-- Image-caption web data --

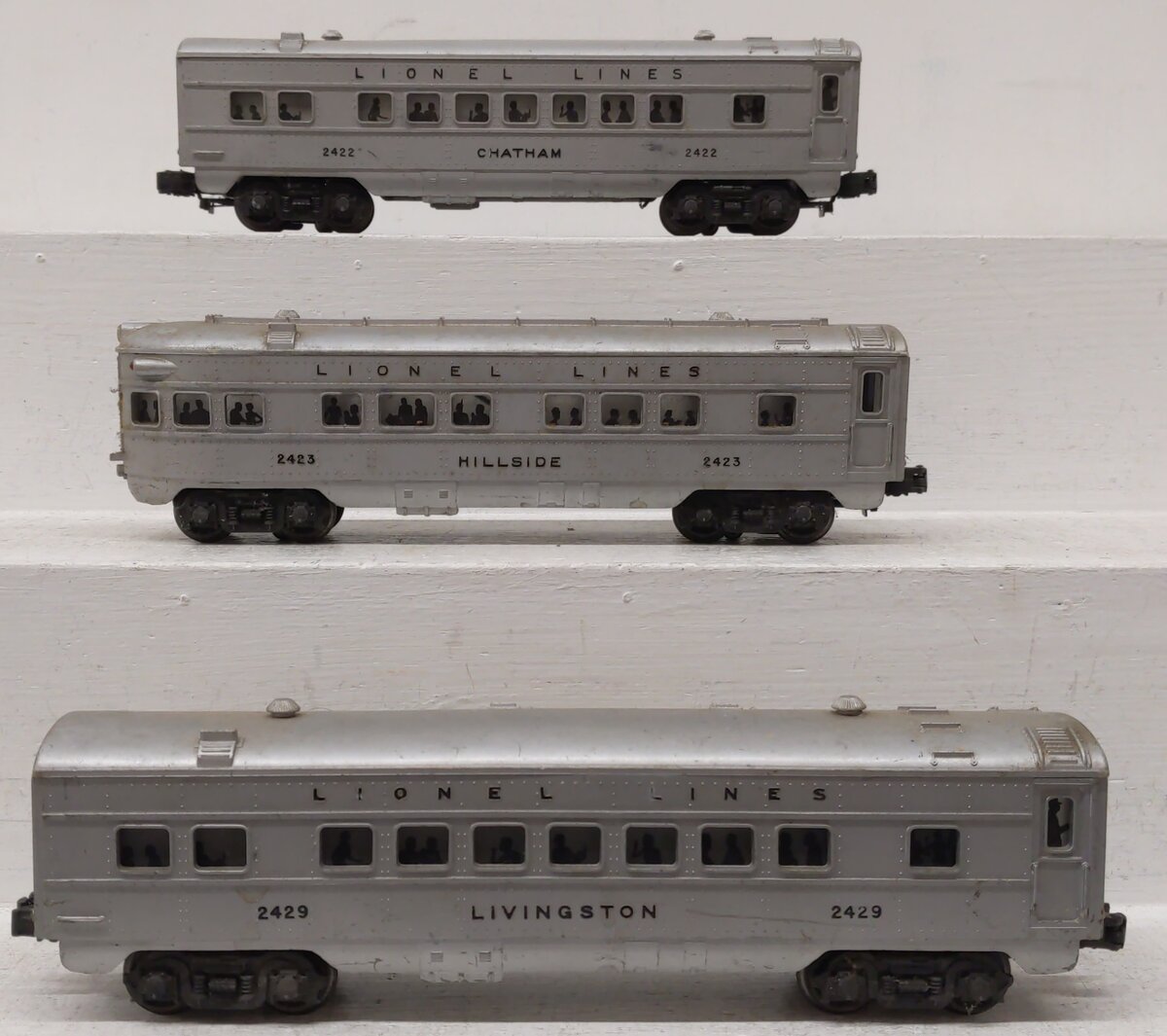 Lionel Vintage O Lionel Lines Lighted Passenger Cars #2422/2423/2429 VG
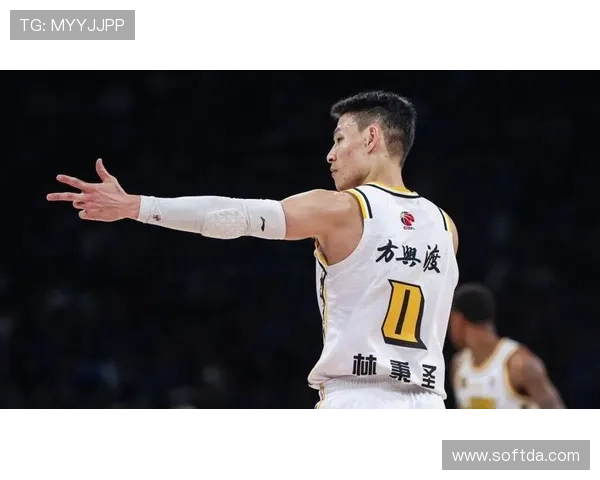 布朗替补席观北京球迷激情表现 许利民被喊下课心态焦虑左顾右盼 布朗替补席观北京球迷激情表现 许利民被喊下课心态焦虑左顾右盼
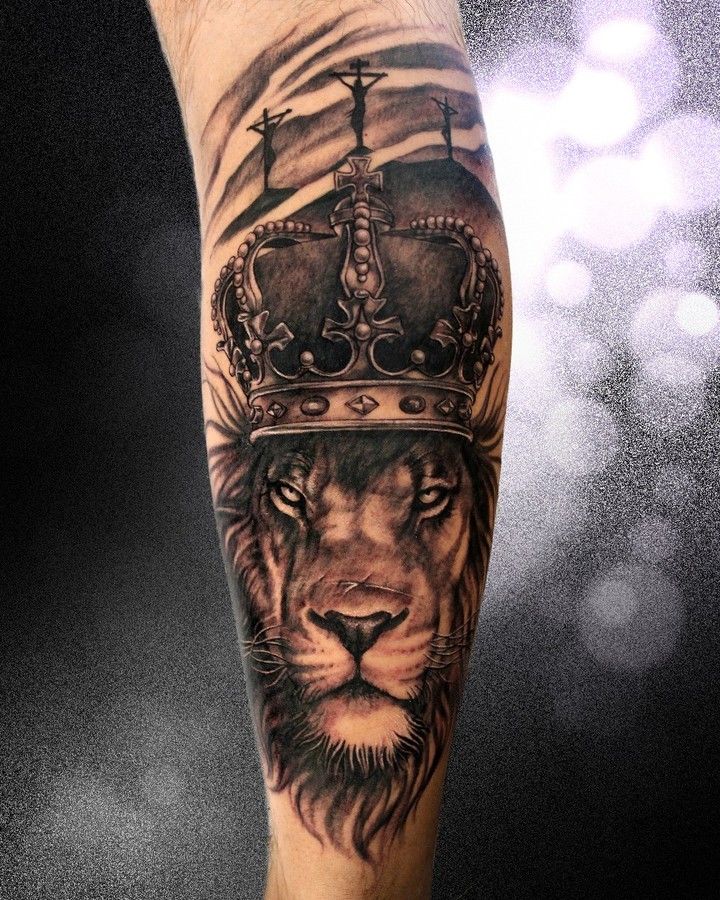 Татуировка Льва с короной на икре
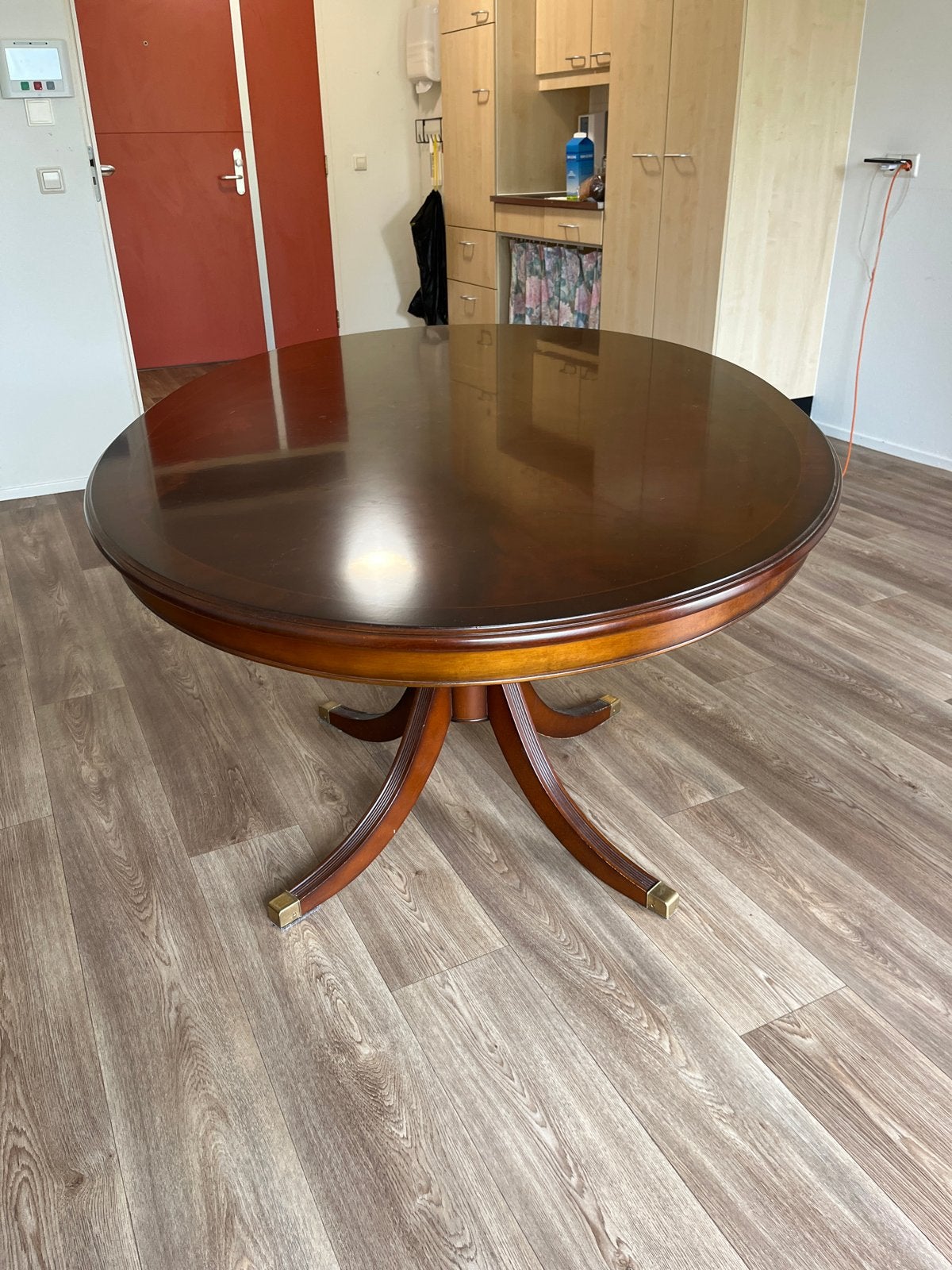 Ovale  eettafel met klassieke uitstraling - Ophalen Dronrijp, Antiek en Kunst, Ophalen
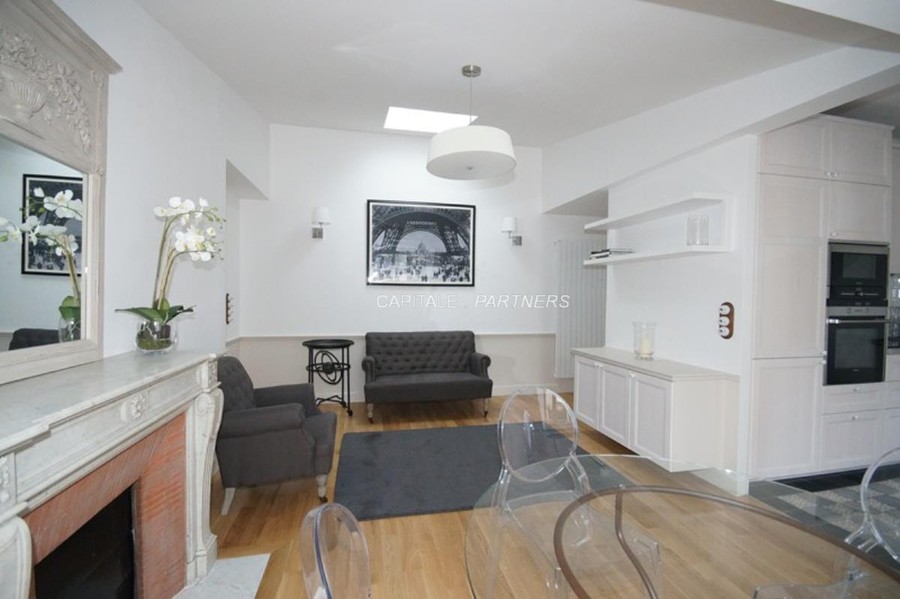 Appartement 1 chambre meublé PARIS 8 - 56 m²;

-- AIM OF THE TASK --
Retype the records verbatim, excluding each image they hold.

-- RESULT FOR THIS TASK --
 Lionel Vintage O Lionel Lines Lighted Passenger Cars #2422/2423/2429 VG
 布朗替补席观北京球迷激情表现 许利民被喊下课心态焦虑左顾右盼 布朗替补席观北京球迷激情表现 许利民被喊下课心态焦虑左顾右盼
 Татуировка Льва с короной на икре
 Ovale  eettafel met klassieke uitstraling - Ophalen Dronrijp, Antiek en Kunst, Ophalen
 Appartement 1 chambre meublé PARIS 8 - 56 m²;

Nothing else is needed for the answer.